An Intro to Salesforce Integrations

As you first dip your toes into the waters of Salesforce, you’ll probably start to hear the word “integration” over

2 min. read

As you first dip your toes into the waters of Salesforce, you’ll probably start to hear the word “integration” over and over again. Part of a core vocabulary, integration refers to the act of tying an external application to Salesforce to add functionality and connect your data sources.

Simple idea, but how does it actually work?

In this post, we’ll look at three different kinds of Salesforce integrations and the general pros and cons of each.

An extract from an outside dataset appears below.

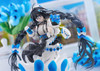 Good Smile Company DMM Factory: Illustrator Collection Figure: Origina - Toshiue Kanojo Illustration by Oshioshio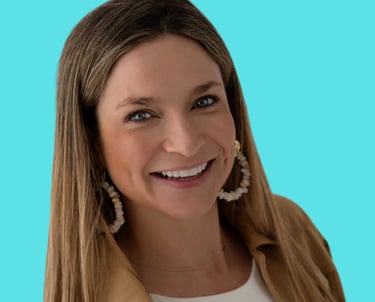 Bea Pastor newborn photography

Salesforce Integration Type #1: Native

Native integrations are those that pair Salesforce with external applications — think LinkedIn or Microsoft Outlook — via pre-written code. These connections exist for one of two reasons:

  1. The producer of the external application wanted to make it easy for users to connect their product to Salesforce
  2. Salesforce wanted to make it easy for their users to connect to this particular application

Native Salesforce integrations are meant to work out of the box, and it shouldn’t take you very long at all to get them up and running. Plus, you’ll likely be able to count on customer support in the event that you encounter a problem.

On the flipside, you’ll be giving up significant customization ability. Because solutions are hard-coded, these types of integrations only allow certain pre-built settings to be changed. If you want to change something outside those settings, you’ll be out of luck.

(Note: Native integrations should not be confused with native Salesforce apps, which are built directly on the Salesforce platform, and therefore don’t need to be integrated).

Salesforce Integration Type #2: Middleware

Middleware refers to an intermediary platform — hence, middleware — that can be used to create a connection between two other applications (Salesforce being one of them, as far as our purposes go). These user-friendly tools empower architects to design integrations without needing to use code.

Examples of middleware include Workato, Dell Boomi and Scribe. They allow for greater customization while still offering bonuses like tech support and integration templates. These services will charge a monthly or annual fee, and that’s on top of what you’ll pay an architect to create your integration in the first place.

Salesforce Integration Type #3: Custom

Custom Salesforce integrations are like middleware integrations, but without the go-between platform. For fully custom integrations, you’ll need a developer capable of connecting to Salesforce’s API purely in code.

Because these types of integrations don’t rely on a third-party platform, they maximize the potential for customization. That said, they’re often the most complicated, time-consuming and expensive. Any time the integration needs to change or something breaks, you’ll need a developer.

Making a Decision

If you’re still feeling overwhelmed, try to remember: Making the right integration choices has less to do with understanding granular technical details and much more to do with understanding your company’s needs.

When it comes to Salesforce, take time to understand your process and pain points. Is there a functionality that you’re missing? Do you have other sources of data currently trapped in siloed applications? If so, are there native integrations available to connect these other applications to Salesforce? These are the questions that will guide your way forward.